### Problem
Repeat the lines from the one containing "567 Chestnut St, Newcomerstown, OH" through the end of the listing exactly, both ends included. Do not carry over any pictures.

### Source material
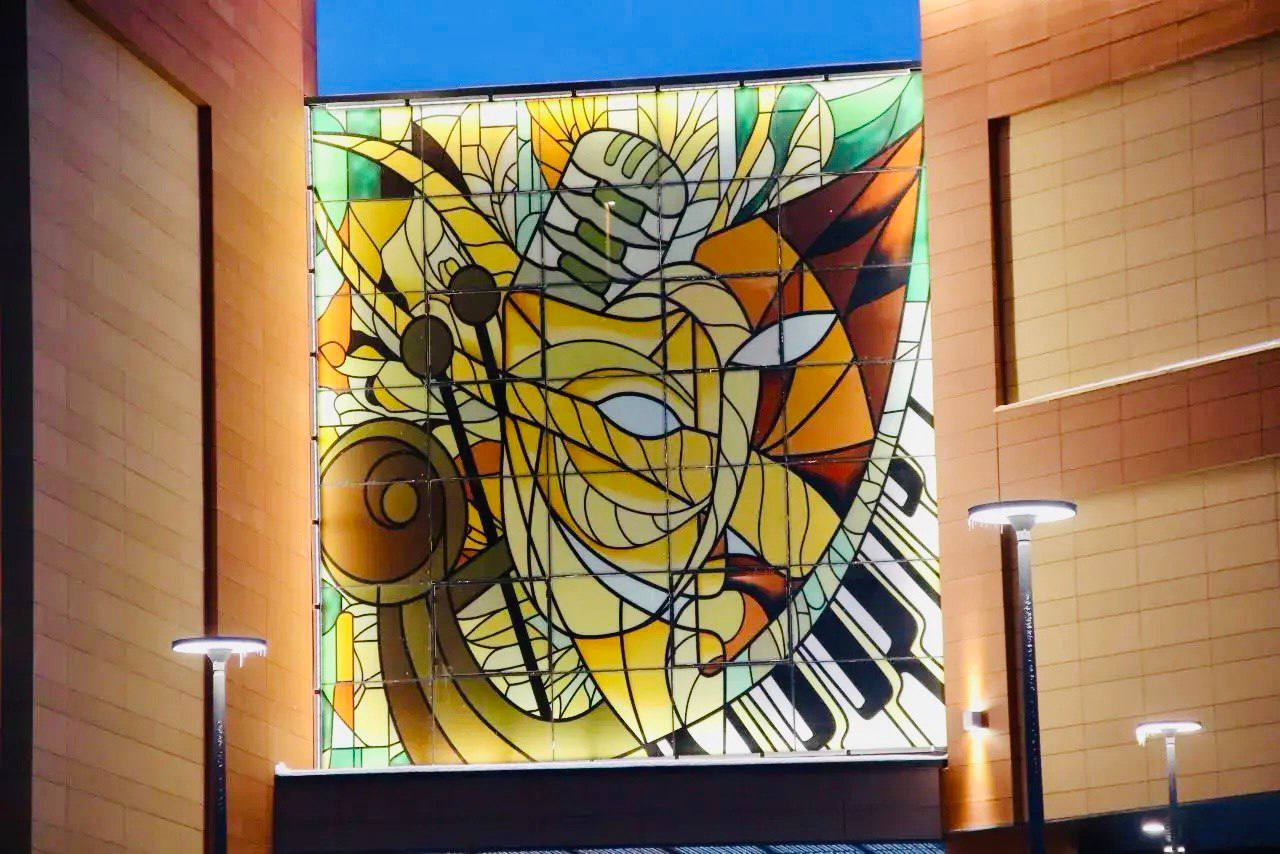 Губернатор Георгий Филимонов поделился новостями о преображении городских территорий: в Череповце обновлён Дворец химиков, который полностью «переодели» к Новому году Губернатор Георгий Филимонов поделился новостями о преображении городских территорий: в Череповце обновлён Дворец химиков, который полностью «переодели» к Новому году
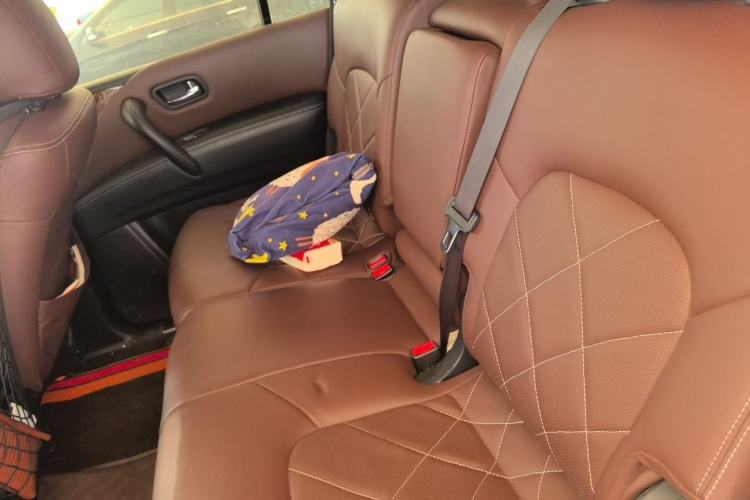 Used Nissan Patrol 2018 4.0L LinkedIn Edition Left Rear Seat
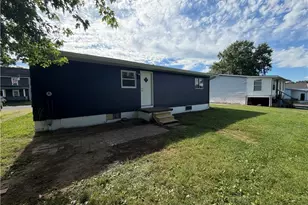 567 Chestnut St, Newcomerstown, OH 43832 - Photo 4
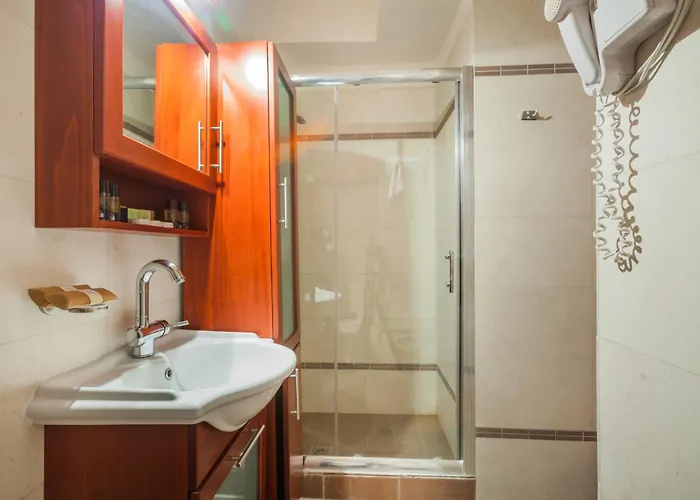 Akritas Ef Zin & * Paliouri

### Final answer
 567 Chestnut St, Newcomerstown, OH 43832 - Photo 4
 Akritas Ef Zin & * Paliouri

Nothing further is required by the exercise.